Девяностолетний Фирс (Понтус Густафссон) в застиранной гимнастерке с медалью на груди точен так, будто мы его встретили на лавочке у подъезда: эта древняя походка, этот мгновенно вспыхивающий гнев на молодых бездельников, ругательство «фашист», эта уже почти выцветшая сила, что когда-то довела до Берлина, а потом тлела, склонялась, кланялась и выстраивалась по команде. Фирса жалко, как всегда (все мы учились в школе, и все мы помним, что старика забудут в покинутом доме), но в секундном гневе Фирс страшен. Объяснение этому возникающему непонятно откуда страху появляется в финальной сцене -- последние слова старика перед смертью (а в этом спектакле он однозначно умирает, брошенный хозяевами) это «медаль» (куда-то потерялось главное его сокровище) и «Сталин». На выдохе, как мечта. Мороз по коже.
Скользкий глянцевый Яша (Эрик Эн) служит у Раневской не лакеем, а охранником, но манеры остались те же (под шумок выпить чужой бокал, с влюбленной в него горничной обращаться как с грязью под ногами, проповедуя, что девушки должны себя блюсти). Реплика Яши также транспонирована, и то, что этот наглый и тупой тип произносит у Эка: «Эта страна не для меня. Насмотрелся воровства и коррупции», заставляет в очередной раз вздрогнуть.
Матс Эк излагает чеховскую историю внимательно и подробно, а в кульминационные моменты заставляет героев танцевать. Человек может уйти из балетного театра, балет из человека не уйдет никогда -- и уверенность в том, что движение выразит эмоцию точнее любых фраз, остается, никуда не девается. Потому монолог Гаева (Ханс Клинга), обращенный к «многоуважаемому шкафу», превратился в танцмонолог -- и в нескольких взмахах рук и дерганых перемещениях по сцене отразилась та предстарческая патетика, что прописана в словах.
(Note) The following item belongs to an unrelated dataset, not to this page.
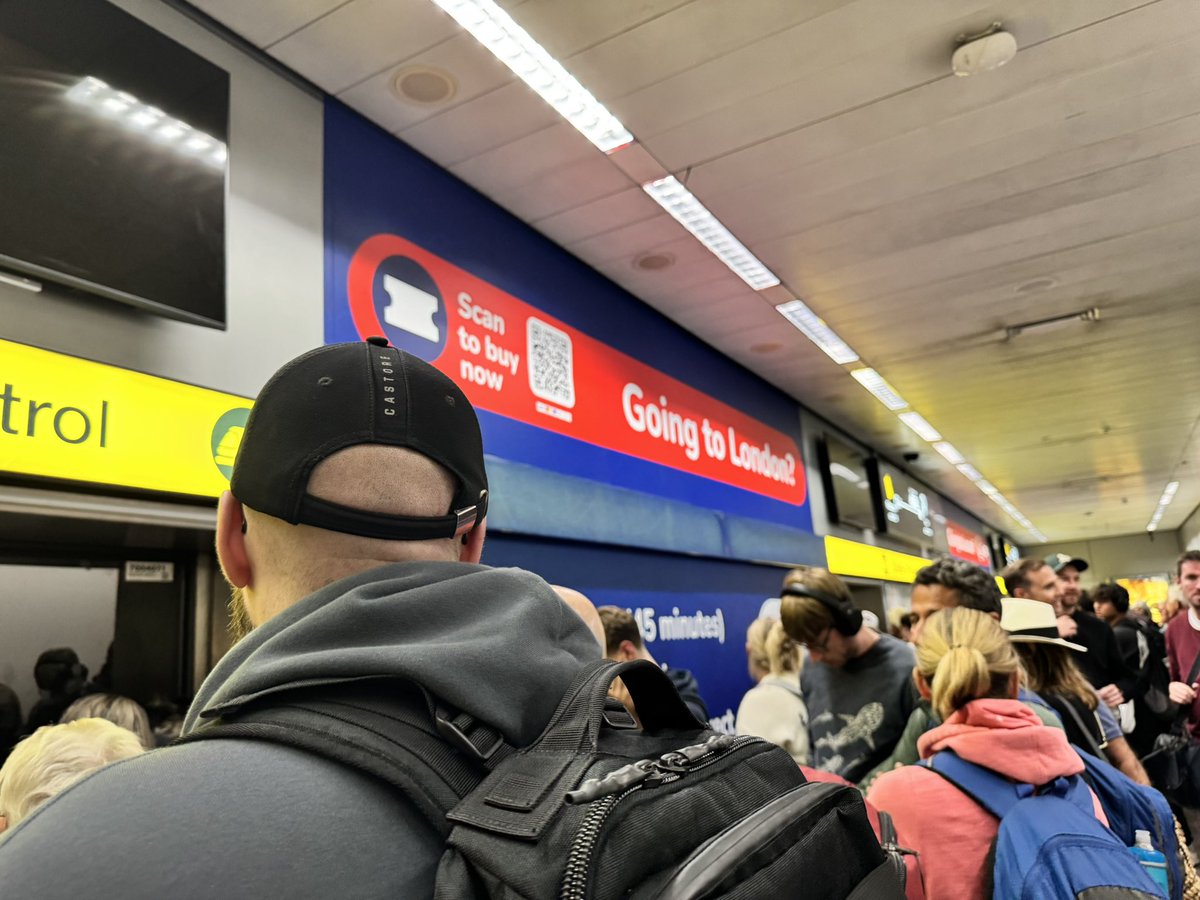 Jase_OT's tweet photo. @STN_Airport are your shuttle trains working today?

Been waiting ages, no updates , TV screens not working, zero communication.

#stanstedairport #jet2holiday https://t.co/oGw5doq421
Разделенные столом Варя и Лопахин в одновременном яростном танце говорят о невозможности союза (между ними всегда столешница), а Епиходов выдает, прости господи, брейк-данс.
Но главным танцперсонажем становится гувернантка Шарлотта Ивановна. У Чехова она показывала фокусы, здесь одарена балетным прошлым. Досталась роль (точнее, конечно, потому такой и стала) Анне Лагуне.
Одна из немногих дам на земле, о которых можно сказать «великая балерина» и ни на секунду не покривить душой, ничего не преувеличить. Сухая седовласая танцовщица с ведьминским блеском в глазах, спровоцировавшая своего мужа на постановку его легендарных вещей -- «Кармен» и «Спящей красавицы», к примеру. Ничего не скрыто -- ни седина в шевелюре, ни узлы на руках и ногах; эта Шарлотта стара -- и когда-то она танцевала «Жизель».
Есть ли более мрачный ход для рассуждения об уходе, истаивании времени и счастья, чем демонстрация танца очень немолодой балерины? Анна Лагуна обозначает классические позы с клоунской отвагой, и кажется, ее безумная Шарлотта констатирует обреченность вишневого сада, этой семьи, этой страны. Прошлое было великим, будущее не просматривается (в школе, помнится, убеждали, что к будущему имеют отношение Аня и Петя -- ох, печальное будущее сотворят гламурная девочка, которой впервые придется зарабатывать себе на жизнь, и толстенький самодовольный проповедник, за десять лет не сдавший необходимые экзамены на университетский диплом). Матс Эк высказывается вежливо, но определенно. Не выдержавшая этой определенности часть публики сбежала в антракте, оставшиеся устроили овацию.